===== DATA TO USE =====
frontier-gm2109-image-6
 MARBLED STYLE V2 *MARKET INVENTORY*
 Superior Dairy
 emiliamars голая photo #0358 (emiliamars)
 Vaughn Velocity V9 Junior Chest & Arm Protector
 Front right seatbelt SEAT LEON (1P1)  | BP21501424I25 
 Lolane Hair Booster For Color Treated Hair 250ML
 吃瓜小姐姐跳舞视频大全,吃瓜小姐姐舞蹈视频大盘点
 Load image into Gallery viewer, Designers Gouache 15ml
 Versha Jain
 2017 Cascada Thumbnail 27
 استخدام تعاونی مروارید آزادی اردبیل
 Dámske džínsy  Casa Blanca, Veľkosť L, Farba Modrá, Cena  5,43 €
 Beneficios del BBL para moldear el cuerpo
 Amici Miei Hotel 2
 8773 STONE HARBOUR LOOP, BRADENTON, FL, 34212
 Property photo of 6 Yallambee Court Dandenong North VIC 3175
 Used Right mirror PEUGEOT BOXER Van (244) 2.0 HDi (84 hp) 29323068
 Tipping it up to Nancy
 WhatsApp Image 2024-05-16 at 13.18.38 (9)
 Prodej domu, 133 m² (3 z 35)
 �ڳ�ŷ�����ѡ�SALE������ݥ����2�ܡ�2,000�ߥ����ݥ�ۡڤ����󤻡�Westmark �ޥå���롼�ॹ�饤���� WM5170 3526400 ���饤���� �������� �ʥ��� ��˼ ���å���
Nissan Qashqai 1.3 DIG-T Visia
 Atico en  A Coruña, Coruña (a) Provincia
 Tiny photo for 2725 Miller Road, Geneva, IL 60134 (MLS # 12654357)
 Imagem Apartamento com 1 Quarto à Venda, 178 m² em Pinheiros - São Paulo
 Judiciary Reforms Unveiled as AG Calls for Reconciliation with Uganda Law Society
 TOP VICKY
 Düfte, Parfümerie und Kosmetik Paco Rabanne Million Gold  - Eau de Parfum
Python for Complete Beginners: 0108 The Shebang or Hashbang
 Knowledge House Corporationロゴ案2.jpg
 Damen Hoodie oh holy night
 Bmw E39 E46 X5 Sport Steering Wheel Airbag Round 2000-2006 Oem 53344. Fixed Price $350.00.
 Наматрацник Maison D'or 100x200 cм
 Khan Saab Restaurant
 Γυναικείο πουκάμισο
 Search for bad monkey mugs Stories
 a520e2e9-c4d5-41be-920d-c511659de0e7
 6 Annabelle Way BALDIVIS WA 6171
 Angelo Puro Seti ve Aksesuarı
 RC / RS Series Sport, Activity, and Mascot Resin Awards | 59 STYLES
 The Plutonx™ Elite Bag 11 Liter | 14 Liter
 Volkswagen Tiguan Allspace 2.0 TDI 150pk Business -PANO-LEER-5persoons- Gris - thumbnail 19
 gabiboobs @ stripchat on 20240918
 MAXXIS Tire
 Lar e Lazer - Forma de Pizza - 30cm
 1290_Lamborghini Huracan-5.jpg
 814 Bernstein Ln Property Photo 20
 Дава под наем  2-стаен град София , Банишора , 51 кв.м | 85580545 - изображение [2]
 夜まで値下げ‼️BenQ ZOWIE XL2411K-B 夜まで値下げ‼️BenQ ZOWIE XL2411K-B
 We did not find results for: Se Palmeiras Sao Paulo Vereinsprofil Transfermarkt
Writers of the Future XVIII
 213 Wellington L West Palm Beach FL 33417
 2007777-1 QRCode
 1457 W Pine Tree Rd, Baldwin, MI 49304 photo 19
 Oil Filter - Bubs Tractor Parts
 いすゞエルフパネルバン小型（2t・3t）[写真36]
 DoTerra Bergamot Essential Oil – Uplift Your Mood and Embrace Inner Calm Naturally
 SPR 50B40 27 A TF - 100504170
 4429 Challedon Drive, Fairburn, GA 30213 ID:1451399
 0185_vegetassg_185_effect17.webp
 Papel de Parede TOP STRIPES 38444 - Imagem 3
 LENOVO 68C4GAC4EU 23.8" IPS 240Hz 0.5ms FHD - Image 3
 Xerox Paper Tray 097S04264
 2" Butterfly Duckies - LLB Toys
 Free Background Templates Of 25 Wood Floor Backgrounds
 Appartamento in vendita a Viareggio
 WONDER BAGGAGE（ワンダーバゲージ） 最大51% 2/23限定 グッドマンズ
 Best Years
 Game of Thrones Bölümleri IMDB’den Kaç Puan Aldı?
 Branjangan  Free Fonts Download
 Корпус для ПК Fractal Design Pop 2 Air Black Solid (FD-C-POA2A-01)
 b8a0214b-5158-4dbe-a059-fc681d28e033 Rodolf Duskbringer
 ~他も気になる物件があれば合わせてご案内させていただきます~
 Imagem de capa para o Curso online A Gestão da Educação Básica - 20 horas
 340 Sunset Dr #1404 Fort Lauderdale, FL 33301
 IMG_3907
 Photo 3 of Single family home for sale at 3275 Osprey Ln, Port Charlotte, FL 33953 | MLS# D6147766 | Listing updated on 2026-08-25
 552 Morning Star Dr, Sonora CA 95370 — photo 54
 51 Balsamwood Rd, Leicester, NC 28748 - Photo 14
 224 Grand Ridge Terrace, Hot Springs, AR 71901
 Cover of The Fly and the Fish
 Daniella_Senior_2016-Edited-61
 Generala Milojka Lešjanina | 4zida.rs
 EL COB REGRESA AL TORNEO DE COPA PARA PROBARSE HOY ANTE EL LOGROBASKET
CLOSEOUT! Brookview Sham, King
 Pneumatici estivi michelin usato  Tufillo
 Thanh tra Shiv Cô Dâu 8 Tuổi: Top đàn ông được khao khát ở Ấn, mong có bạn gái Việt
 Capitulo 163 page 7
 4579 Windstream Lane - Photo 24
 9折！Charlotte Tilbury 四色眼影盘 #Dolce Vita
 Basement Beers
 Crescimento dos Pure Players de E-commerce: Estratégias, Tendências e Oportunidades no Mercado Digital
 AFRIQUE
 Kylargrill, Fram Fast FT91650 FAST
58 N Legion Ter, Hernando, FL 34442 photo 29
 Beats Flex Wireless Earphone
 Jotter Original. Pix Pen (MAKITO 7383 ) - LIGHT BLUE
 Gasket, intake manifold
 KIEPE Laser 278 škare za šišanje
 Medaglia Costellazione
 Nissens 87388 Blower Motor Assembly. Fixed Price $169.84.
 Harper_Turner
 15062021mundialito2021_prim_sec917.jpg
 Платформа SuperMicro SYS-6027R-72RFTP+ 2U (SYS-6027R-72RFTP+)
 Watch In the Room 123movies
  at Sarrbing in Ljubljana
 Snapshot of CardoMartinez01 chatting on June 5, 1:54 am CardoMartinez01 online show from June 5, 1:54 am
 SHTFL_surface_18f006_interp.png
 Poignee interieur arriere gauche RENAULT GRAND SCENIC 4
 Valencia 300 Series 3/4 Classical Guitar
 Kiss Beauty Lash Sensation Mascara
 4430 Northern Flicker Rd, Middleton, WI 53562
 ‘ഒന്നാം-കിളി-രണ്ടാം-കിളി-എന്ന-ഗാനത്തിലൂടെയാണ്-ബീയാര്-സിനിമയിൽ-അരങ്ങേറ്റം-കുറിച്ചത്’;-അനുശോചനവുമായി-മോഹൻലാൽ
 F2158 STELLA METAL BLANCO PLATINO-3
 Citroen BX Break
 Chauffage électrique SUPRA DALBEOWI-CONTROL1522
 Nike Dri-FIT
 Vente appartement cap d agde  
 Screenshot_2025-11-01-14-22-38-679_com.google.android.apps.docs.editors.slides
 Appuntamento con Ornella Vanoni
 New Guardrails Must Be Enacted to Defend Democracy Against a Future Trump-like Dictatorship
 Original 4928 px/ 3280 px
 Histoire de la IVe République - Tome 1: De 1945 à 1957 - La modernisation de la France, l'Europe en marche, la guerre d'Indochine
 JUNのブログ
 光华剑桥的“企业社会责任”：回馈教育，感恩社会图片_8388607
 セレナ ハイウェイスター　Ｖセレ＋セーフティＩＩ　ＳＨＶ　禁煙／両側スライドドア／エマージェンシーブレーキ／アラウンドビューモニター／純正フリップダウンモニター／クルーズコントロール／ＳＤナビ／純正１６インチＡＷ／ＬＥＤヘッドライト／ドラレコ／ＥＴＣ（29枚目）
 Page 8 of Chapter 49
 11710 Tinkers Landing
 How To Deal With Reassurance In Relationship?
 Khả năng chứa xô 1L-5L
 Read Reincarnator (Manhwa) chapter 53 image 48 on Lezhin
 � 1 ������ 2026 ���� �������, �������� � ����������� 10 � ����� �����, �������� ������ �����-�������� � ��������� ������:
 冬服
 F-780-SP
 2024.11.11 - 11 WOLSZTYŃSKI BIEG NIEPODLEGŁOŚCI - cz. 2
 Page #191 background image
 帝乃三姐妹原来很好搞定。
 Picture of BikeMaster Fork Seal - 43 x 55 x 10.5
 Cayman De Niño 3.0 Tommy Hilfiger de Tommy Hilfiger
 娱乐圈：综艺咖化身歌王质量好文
=====
### YOUR INSTRUCTIONS
Reproduce the lines above, beginning at the line with "Writers of the Future XVIII" and stopping after the line with "Game of Thrones", exactly as they are.

### TASK ANSWER
Writers of the Future XVIII
 213 Wellington L West Palm Beach FL 33417
 2007777-1 QRCode
 1457 W Pine Tree Rd, Baldwin, MI 49304 photo 19
 Oil Filter - Bubs Tractor Parts
 いすゞエルフパネルバン小型（2t・3t）[写真36]
 DoTerra Bergamot Essential Oil – Uplift Your Mood and Embrace Inner Calm Naturally
 SPR 50B40 27 A TF - 100504170
 4429 Challedon Drive, Fairburn, GA 30213 ID:1451399
 0185_vegetassg_185_effect17.webp
 Papel de Parede TOP STRIPES 38444 - Imagem 3
 LENOVO 68C4GAC4EU 23.8" IPS 240Hz 0.5ms FHD - Image 3
 Xerox Paper Tray 097S04264
 2" Butterfly Duckies - LLB Toys
 Free Background Templates Of 25 Wood Floor Backgrounds
 Appartamento in vendita a Viareggio
 WONDER BAGGAGE（ワンダーバゲージ） 最大51% 2/23限定 グッドマンズ
 Best Years
 Game of Thrones Bölümleri IMDB’den Kaç Puan Aldı?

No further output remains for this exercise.